The menu isn’t finalized yet, but Winterman was able to give us a few highlights. Expect plenty of handmade pastas—something Cipollone specializes in—like bucatini cacio e pepe with kale and agnolotti with lobster and tarragon, as well as house-made breads and pastries, too. An indulgent côte de boeuf for two will be available, along with roast chicken. While there will be some snacks and small plates on the menu, Winterman considers them to be dishes for customers to enjoy as they're deciding on their meals for the night. You can have your charcuteries, and pick cheeses from a cart. But make no mistake, this isn’t the restaurant for ordering large plates for the table. Rather, the focus is on individual dishes, which Winterman hopes people will order in the traditional starter, main, dessert course-format, with some variations in between. Guests can also peruse a wine list and cocktail menu curated by a beverage director.
As for the space itself, the restaurant will be housed on the ground floor of a building developed by Joshua Caspi—with five floors of office space above it—and New York-based architect Glen Coben will design the restaurant. (He's also behind Carbone, Empellon, Del Posto, Gabriel Kreuther, and more.) Winterman wants the restaurant to fit into Brooklyn, creating a space that’s warm, inviting, and modern—a destination that becomes a neighborhood gathering . But don’t think that the Williamsburg location automatically means industrial-chic interiors lit by Edison bulbs. Instead, the team envisions a space that will look timelessly urban and contemporary, even 20 years from now. Think leather banquettes and beautiful sconces, exposed brick, and a private room that’s currently being referred to as “the library.” Thanks to the ground floor corner location, there’s also going to be plenty of light.
“Glen is really great at creating a warm and inviting environment, with the kind of lighting that makes people look good,” Winterman says.
As the soon-to-be owner/operator of two restaurants, Winterman will have a busy schedule, no doubt. He spent nine years working for Daniel Boulud, watching him flit between his various outposts in the city—starting at restaurant Daniel, then to Café Boulud, and then jetting downtown to DB Bistro before coming back to Daniel once more. He also cited Drew Nierporent, owner of Myriad Restaurant Group (which owns Bâtard), as a great inspiration for the project, who’s opened 38 or 39 different restaurants over the course of his career.
“It’s hectic, but it’s also the lifestyle, the fun behind it,” he explains. “And I just feel like as long as my presence is felt in both places, then I’m going to be able to pull this off.”

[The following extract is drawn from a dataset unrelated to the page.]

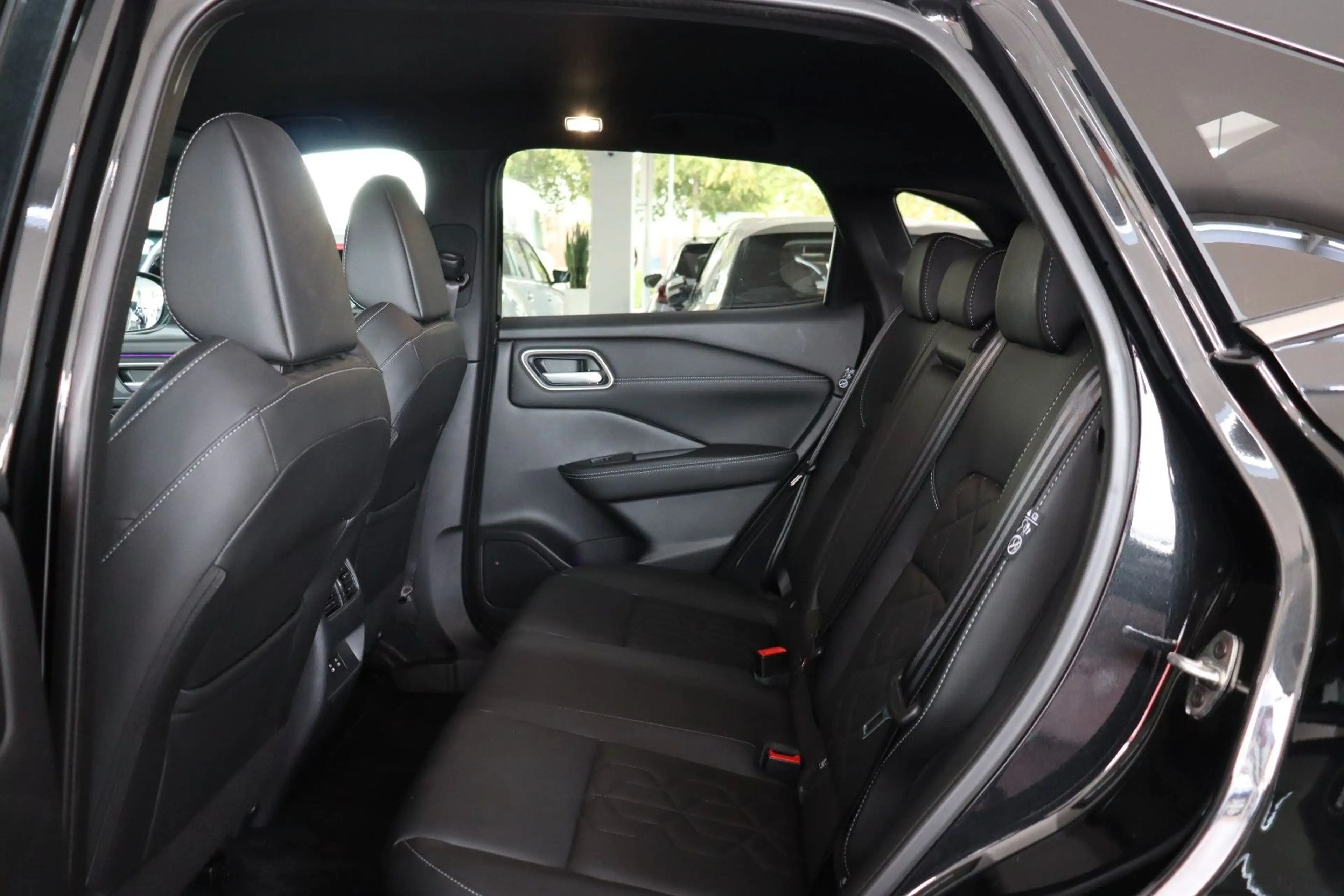Nissan Qashqai Tekna e-Power Allwetter Pano Leder — photo 14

In the end, he’s most looking forward to the first plate of Chris’ pasta coming out from the kitchen. For the next few months, they’ll be working on menus, training staff, and watching the restaurant unfold before their eyes. Come April next year, service will start with dinner, before expanding to brunch on the weekends and eventually, lunch and a small morning concept. But on opening night, it’s that first plate that will be the telling moment—and, considering Bâtard won a James Beard Award for best new restaurant and currently holds a Michelin star, the restaurant is sure to be a promising one.
The as-yet-unnamed restaurant is tentatively scheduled to open in April 2020 at 134 Broadway at Bedford in Williamsburg, Brooklyn.